● **TASK STATEMENT**:
From the records below, copy each line that has the word "HDMI" in it.
:: SUPPLIED MATERIAL
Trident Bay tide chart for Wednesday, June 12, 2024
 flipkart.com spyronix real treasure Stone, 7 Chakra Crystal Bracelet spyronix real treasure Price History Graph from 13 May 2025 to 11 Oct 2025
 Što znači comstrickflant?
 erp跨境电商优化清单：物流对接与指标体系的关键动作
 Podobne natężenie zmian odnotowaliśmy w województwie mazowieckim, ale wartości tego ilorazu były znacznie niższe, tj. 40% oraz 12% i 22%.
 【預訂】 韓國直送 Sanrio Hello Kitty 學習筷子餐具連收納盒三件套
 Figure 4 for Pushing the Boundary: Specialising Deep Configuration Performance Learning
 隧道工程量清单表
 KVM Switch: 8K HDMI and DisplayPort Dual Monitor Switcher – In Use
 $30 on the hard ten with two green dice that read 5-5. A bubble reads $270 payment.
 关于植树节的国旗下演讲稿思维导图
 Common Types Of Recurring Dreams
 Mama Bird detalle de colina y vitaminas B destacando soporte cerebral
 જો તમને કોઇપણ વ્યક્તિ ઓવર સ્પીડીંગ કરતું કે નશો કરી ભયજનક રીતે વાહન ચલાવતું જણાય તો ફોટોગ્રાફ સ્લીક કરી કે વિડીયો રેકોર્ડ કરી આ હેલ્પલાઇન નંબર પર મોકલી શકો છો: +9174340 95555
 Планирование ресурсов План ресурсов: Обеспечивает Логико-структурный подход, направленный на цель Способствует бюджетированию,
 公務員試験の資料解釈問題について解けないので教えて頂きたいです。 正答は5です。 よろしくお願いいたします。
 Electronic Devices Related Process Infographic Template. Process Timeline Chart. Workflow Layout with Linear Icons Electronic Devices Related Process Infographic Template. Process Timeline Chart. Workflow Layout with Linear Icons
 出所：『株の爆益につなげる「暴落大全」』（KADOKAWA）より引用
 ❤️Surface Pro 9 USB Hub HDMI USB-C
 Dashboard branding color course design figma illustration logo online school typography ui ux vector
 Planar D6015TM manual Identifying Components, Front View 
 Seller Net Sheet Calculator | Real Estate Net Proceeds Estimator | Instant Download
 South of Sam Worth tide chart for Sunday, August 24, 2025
::::
● **PROBLEM SOLUTION**:
 KVM Switch: 8K HDMI and DisplayPort Dual Monitor Switcher – In Use
 ❤️Surface Pro 9 USB Hub HDMI USB-C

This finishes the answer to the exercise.